WASHINGTON -- The FBI inspected financial-disclosure statements last fall of five senators linked to jailed Arizona thrift mogul Charles H. Keating Jr., the Arizona Republic has learned.
The documents were requested in November at the height of the Keating affair by an FBI agent based near the Irvine, Calif., headquarters of Mr. Keating's failed Lincoln Savings and Loan Association.
FBI Special Agent Gary K. Morely, who is assigned to an FBI office in Santa Ana, Calif., requested the statements on the five senators' finances while in Washington on Nov. 9, 1989, according to a document-request form obtained by the Arizona Republic.
This is the FBI's first public disclosure supporting wire service reports from that time indicating the agency had begun an investigation of the roles the senators played in intervening with regulators.

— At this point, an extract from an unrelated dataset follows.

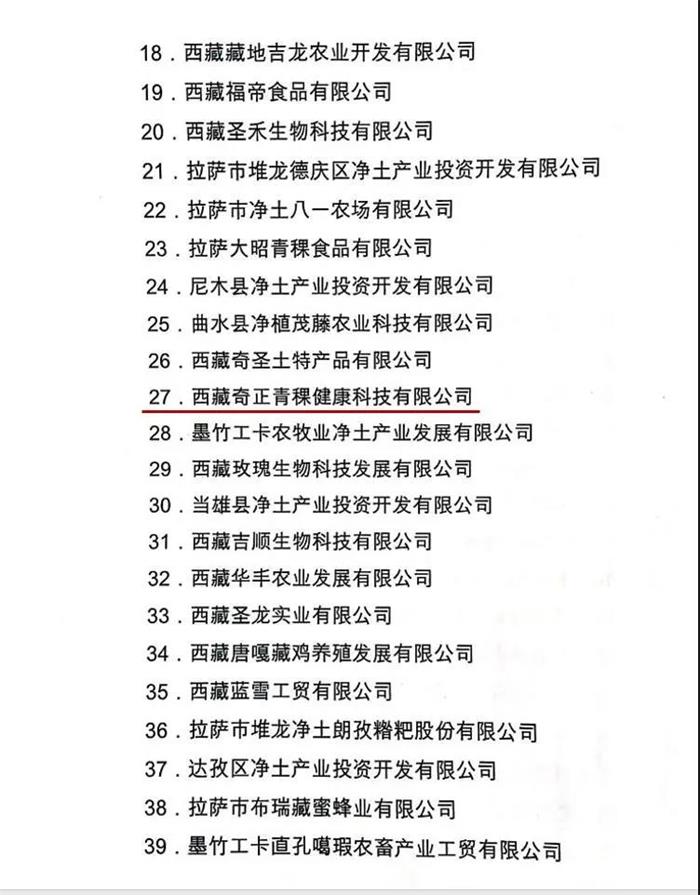 EON4首页-意昂4·(中国区)官方直营平台!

Special Agent Morley pulled financial statements of Sens. Dennis DeConcini, D-Ariz.; John McCain, R-Ariz.; Alan Cranston, D-Calif.;Donald Riegle, D-Mich.; and John Glenn, D-Ohio. The documents broadly sketch assets, liabilities, speaking fees and gifts.

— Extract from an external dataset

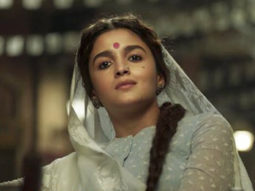 No delay in release of Alia Bhatt starrer Gangubai Kathiawadi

The five are being investigated by the Senate Ethics Committee to determine whether they improperly intervened in 1987 with federal thrift regulators examining Lincoln in behalf of Mr. Keating, a major campaign contributor.

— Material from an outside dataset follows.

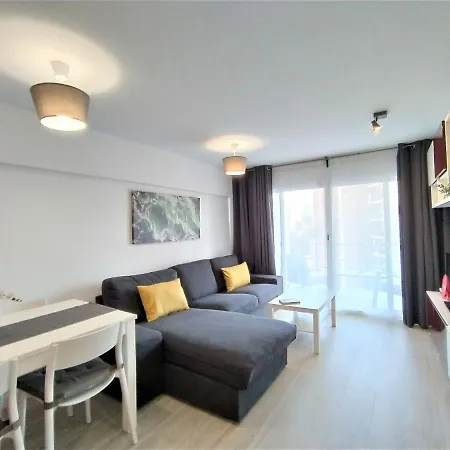 Dona I By Interhome *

Federal regulators seized Lincoln in April 1989, and its collapse is expected to cost taxpayers at least $2 billion.
The senators have denied wrongdoing, saying there is no evidence their intervention foiled government efforts to seize Lincoln.
Mr. Keating is in jail in Los Angeles County awaiting an Oct. 5 arraignment on a criminal indictment. He is also the subject of a Securities and Exchange Commission probe.